In the Land of the Sizing, the One-Partition Kafka Topic is King
Deconstructing the mental model around partitions in Apache Kafka
Published Aug 22, 2022
Last Modified Mar 21, 2024
Continue to Apache Kafka Partitions as a Unit of Parallelism
Every technology has that key concept that people struggle to understand. With databases, the struggle usually happens when you have to decide which join clause to use for fetching data from multiple tables. Which one is faster? What about consistency? How will concurrency look like if I pick this one versus the other? It is often a hard choice. Containers are another great example. Implementing persistence with containers is troublesome because each workload has its own set of requirements, and there is no silver bullet. For example, you may have a workload that requires each container to store 20% of the dataset locally, whereas the other 80% should go straight to a shared filesystem that is mounted on every container instance. But this design wouldn't suit microservices based architecture where each service should have their own data store.
Just like any other technology, Apache Kafka also has a key concept that people struggle to understand, which is partitions. Partitions are tricky because they dictate pretty much everything about how Kafka works, and picking the right number is not simple. If you go to places like Stack Overflow and Hacker News, you will see developers providing objective answers to questions like how to install Kafka on Kubernetes, how to back up Kafka data on Amazon S3, and how to implement a Kafka consumer in Java. But when someone asks how many partitions to set for their Kafka topics, oh boy, this is where you see those long threads full of subjective opinions that more often than not don't provide a concrete answer. And even when they do, it is a total guessing game.
Why is this important? You may ask. Well, sizing Kafka partitions wrongly affects many aspects of the system, such as consistency, parallelism, and durability. Worse, it may also affect how much load Kafka can handle. Hence why often the decision about how many partitions to set for a topic is handled by Ops teams, as we see this to be only an infrastructure matter. In reality, it's an architectural design decision that affects even the amount of code you write. In this blog post series, I will share everything you need to build more confidence about how to size Kafka partitions correctly, and to spot a poor decision when you see one. This first part will peel off the concept of partitions, and highlight their role with Kafka.
In 2022 I also presented about this topic in the Strange Loop conference in St. Louis, MO. If you fancy to watch the recording of my session, check the video below.

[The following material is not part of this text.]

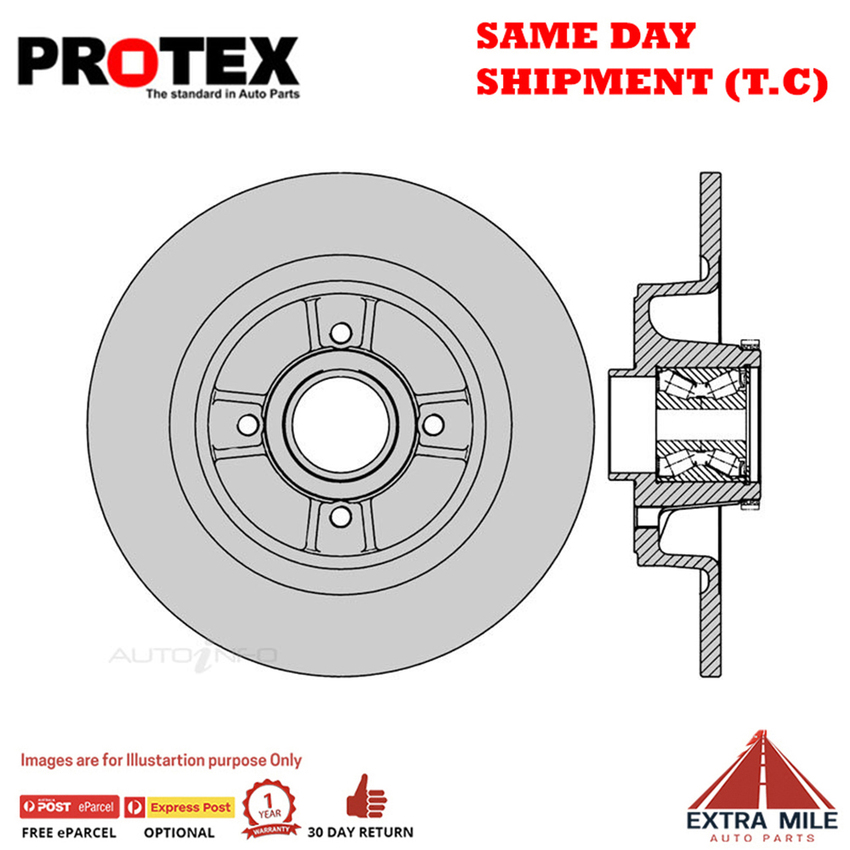 2X PROTEX Disc Brake Rotors - Rear For RENAULT SCENIC JA 4D Wgn FWD…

Going to the doctor's office for your annual check-up is one of those annoying situations in life. You go because you need to, not because you want to. Once you are there; you promptly do everything you are told and answer as many questions your physician asks you, with that inner feeling that you want to hear that everything is okay. The reality, however, is rather disappointing. There are always things to discuss, even more so as you get older. Though your physician may try their best to explain the nuts and bolts of your situation, you don't really care about the nitty details. You care about concrete things, such as whether you can do that thing you love again.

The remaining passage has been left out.